This is not a walk that starts promisingly, but perhaps that’s the perfect metaphor for London – a city often accused of being ugly and inhospitable, yet also a city of hidden treasures and ghosts of a forgotten past.
Parklands Walk follows the long-abandoned railway line from leafy Muswell Hill to the urban transport hub of Finsbury Park in North London. You won’t find it on a list of popular tourist attractions but at almost five miles, it is London’s longest nature reserve.
Turning off the busy Muswell Hill Road I stepped onto a dirt path enclosed by tall trees. Litter unceremoniously decorated the ground. But as the trees opened up, a panoramic view of London, seen from one of the city’s highest vantage points, was the first of many highlights.
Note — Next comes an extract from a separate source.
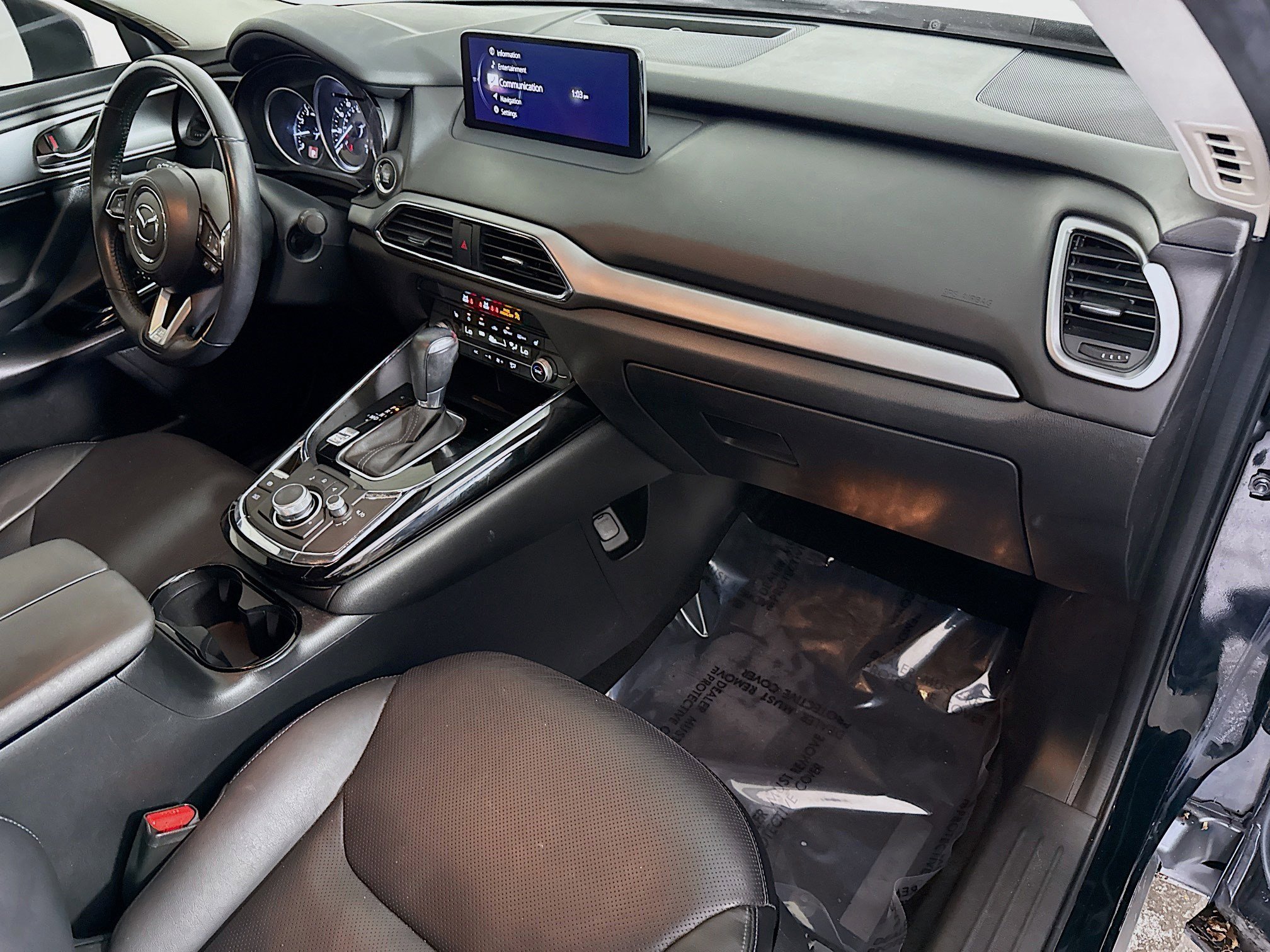 Used 2023 MAZDA CX-9 Touring image 30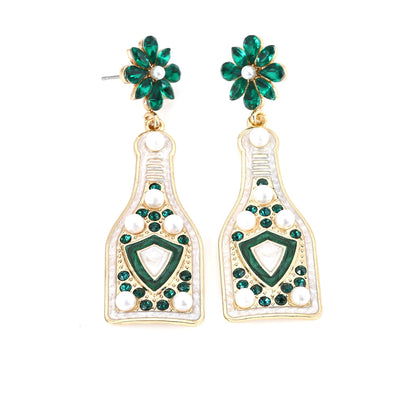Classic Pearl Earring with Timeless Appeal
On a clear day, you can see not only the monolithic Shard piercing the sky, but past the steel and glass heart of the metropolis right up to London’s eastern boundaries.
But it’s not until you leave the woodland and traverse a short section of the traffic-laden Archway Road that you slip through a narrow gate and your journey really begins.
It’s here, that if you look down, the first evidence of the forgotten railway appears – iron sleeper rails now overgrown by scrub. Started in 1867 and intended as part of the Northern Line, it was eventually abandoned after WWII and left to decay. Now just intermittent fossils mark the passing of time.
As I continued, the noise of the city disappeared. The sound of traffic; replaced by birdsong; the fumes by the heady smell of earth and scrubland.
For the most part, the path is just that, but then echoes of the past emerge: the skeleton of metal foundations underfoot, occasional brickwork being devoured by the roots of trees and as you reach Crouch End the path momentarily becomes a platform – Edwardian gentlemen now replaced by the odd jogger.
Nearing the end you reach the hulking remnants of a Victorian viaduct, left to ruin. The council has wisely decided to leave the more artistic graffiti in situ. This is where urban expression meets fading grand architecture and wild woodland.
When I came to the main road it was with disappointment; but if you ever fancy a walk with your loved-one or simply a shortcut to Finsbury Park station, I can highly recommend you take the tube that never was.